Directions ::
Your copy must hold every line of the records word for word. It must hold no pictures.
--- Data for the task ---
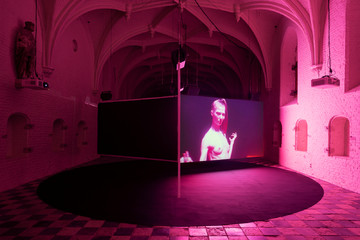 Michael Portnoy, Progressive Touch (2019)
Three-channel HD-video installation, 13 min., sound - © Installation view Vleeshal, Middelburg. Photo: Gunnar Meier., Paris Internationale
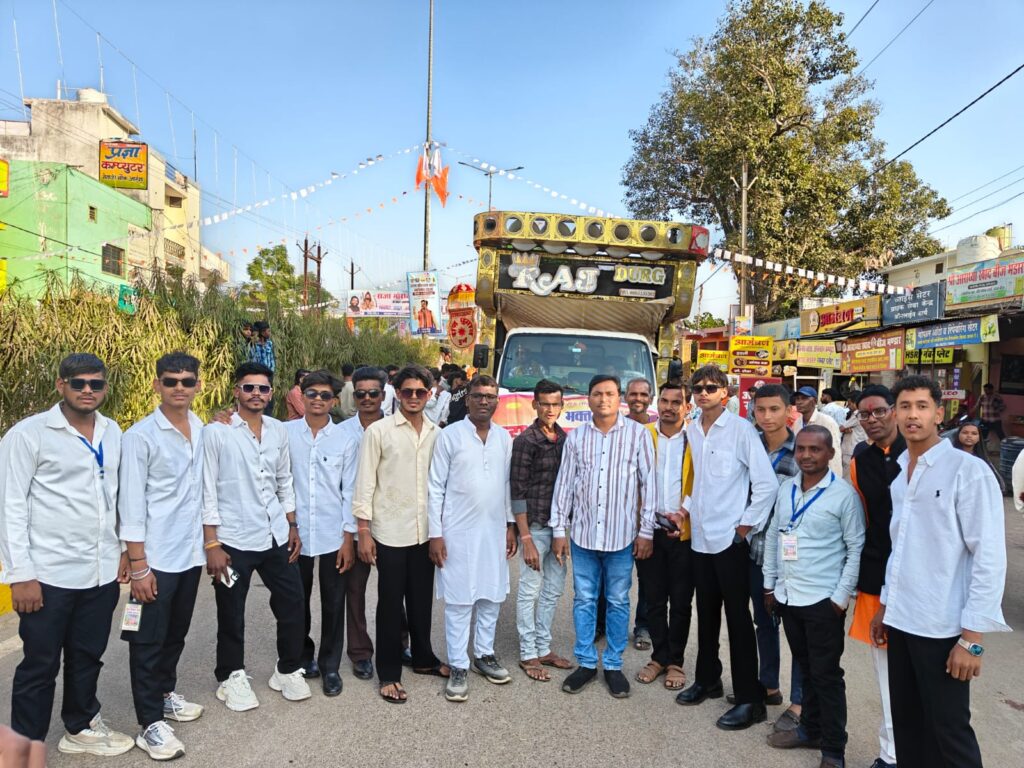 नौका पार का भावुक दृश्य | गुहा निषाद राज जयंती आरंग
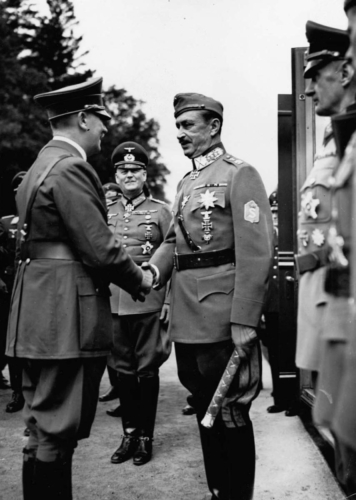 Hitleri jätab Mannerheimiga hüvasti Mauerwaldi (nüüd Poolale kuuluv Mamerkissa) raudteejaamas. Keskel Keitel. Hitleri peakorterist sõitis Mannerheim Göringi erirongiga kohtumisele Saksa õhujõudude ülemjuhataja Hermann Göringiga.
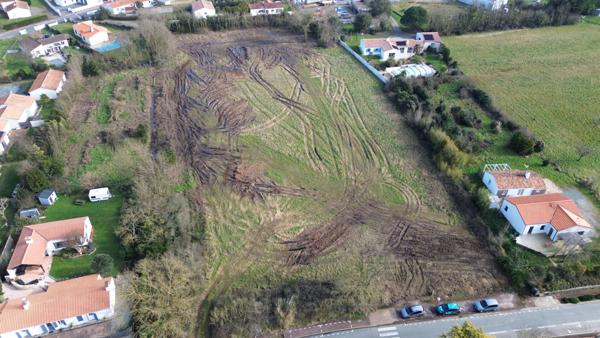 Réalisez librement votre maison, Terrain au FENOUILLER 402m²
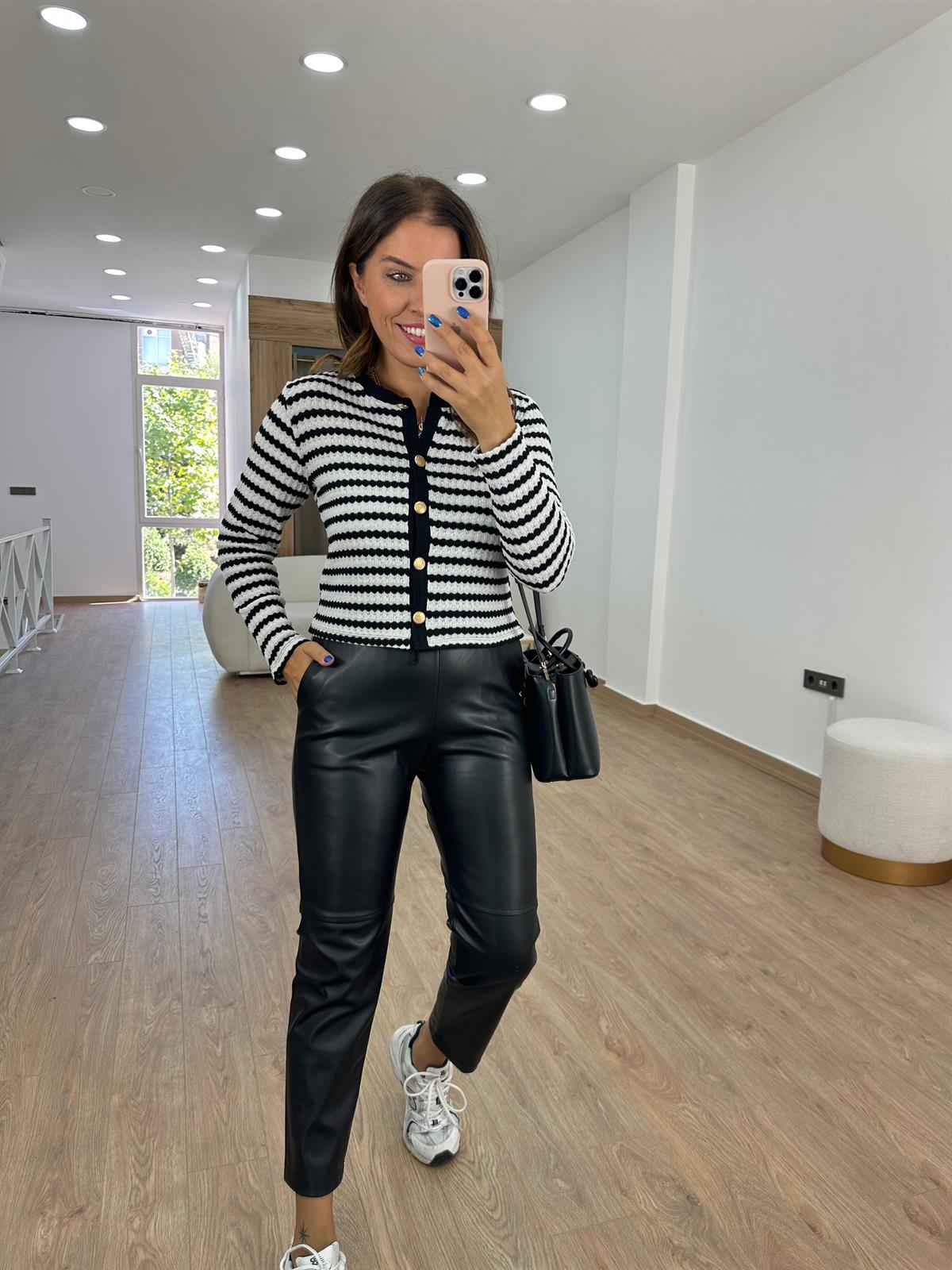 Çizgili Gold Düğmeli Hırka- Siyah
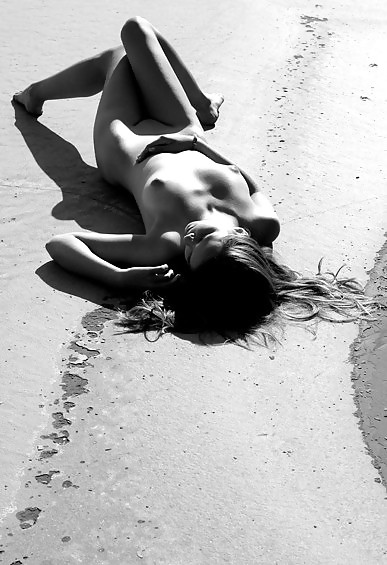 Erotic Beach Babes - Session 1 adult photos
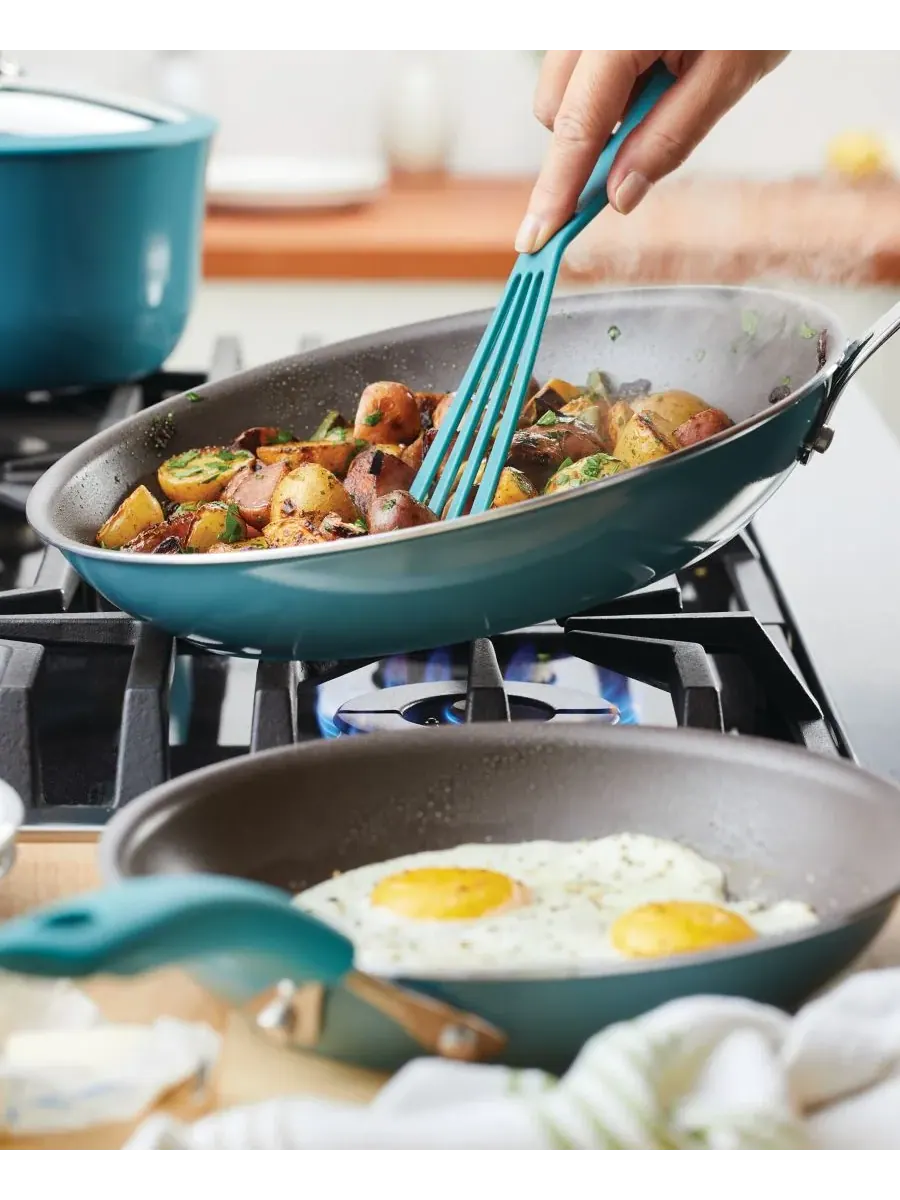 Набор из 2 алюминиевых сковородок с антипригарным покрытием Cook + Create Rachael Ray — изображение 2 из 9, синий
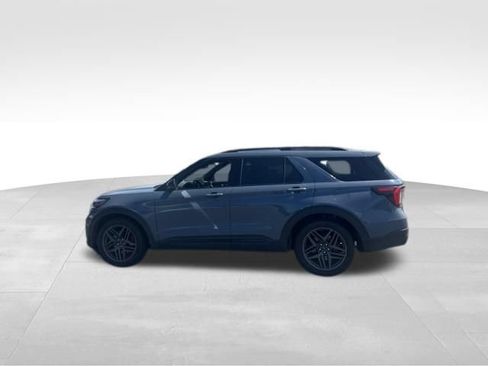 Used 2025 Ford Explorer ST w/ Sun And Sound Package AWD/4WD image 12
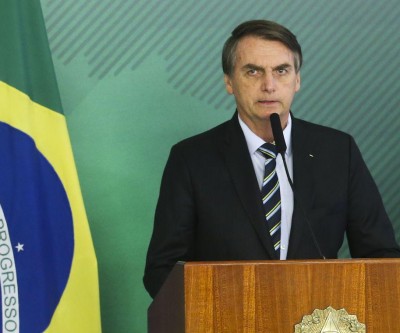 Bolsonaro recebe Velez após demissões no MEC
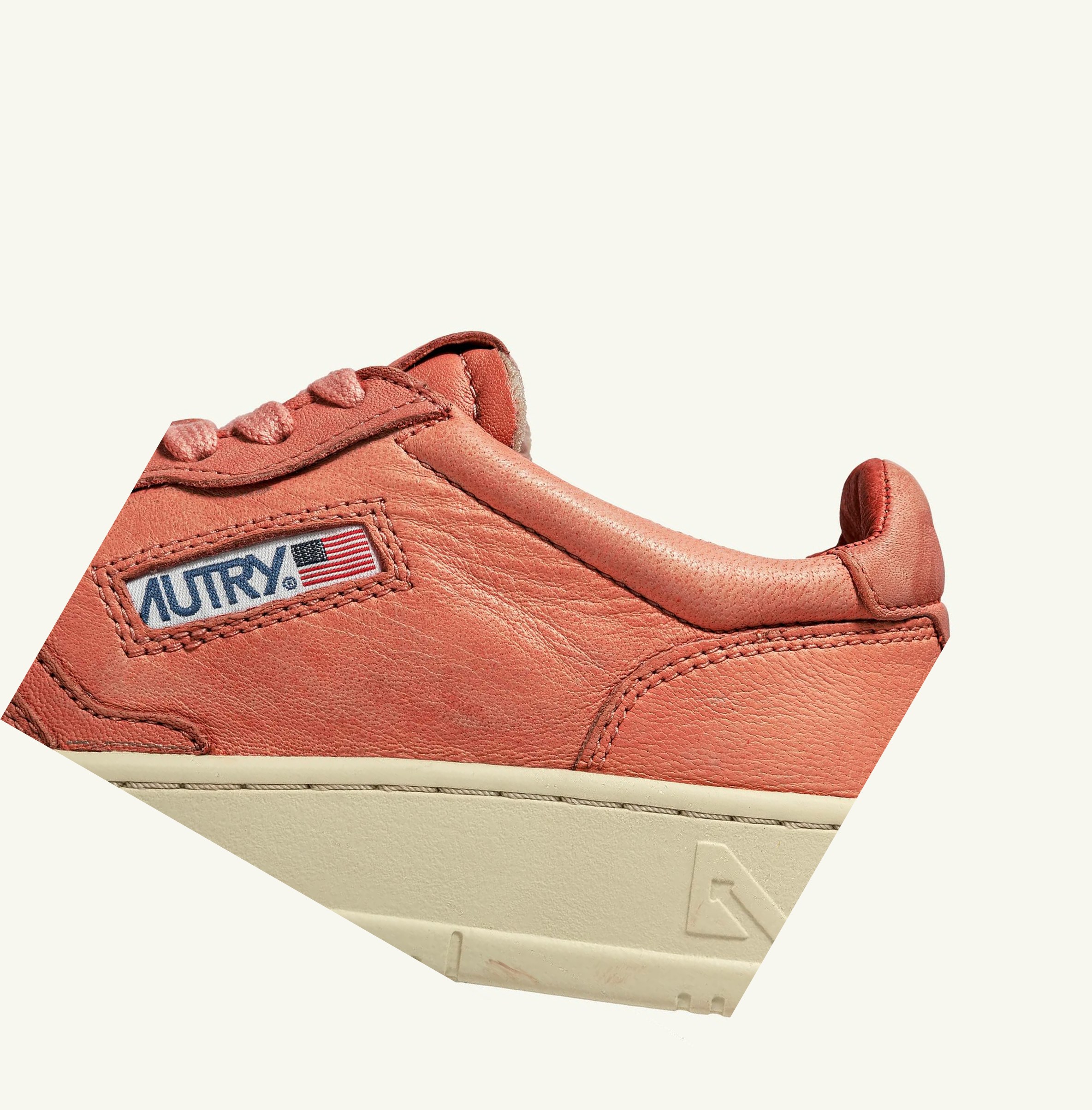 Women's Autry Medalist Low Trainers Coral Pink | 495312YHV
---
Solution to this exercise ::
 Michael Portnoy, Progressive Touch (2019)
Three-channel HD-video installation, 13 min., sound - © Installation view Vleeshal, Middelburg. Photo: Gunnar Meier., Paris Internationale
 नौका पार का भावुक दृश्य | गुहा निषाद राज जयंती आरंग
 Hitleri jätab Mannerheimiga hüvasti Mauerwaldi (nüüd Poolale kuuluv Mamerkissa) raudteejaamas. Keskel Keitel. Hitleri peakorterist sõitis Mannerheim Göringi erirongiga kohtumisele Saksa õhujõudude ülemjuhataja Hermann Göringiga.
 Réalisez librement votre maison, Terrain au FENOUILLER 402m²
 Çizgili Gold Düğmeli Hırka- Siyah
 Erotic Beach Babes - Session 1 adult photos
 Набор из 2 алюминиевых сковородок с антипригарным покрытием Cook + Create Rachael Ray — изображение 2 из 9, синий
 Used 2025 Ford Explorer ST w/ Sun And Sound Package AWD/4WD image 12
 Bolsonaro recebe Velez após demissões no MEC
 Women's Autry Medalist Low Trainers Coral Pink | 495312YHV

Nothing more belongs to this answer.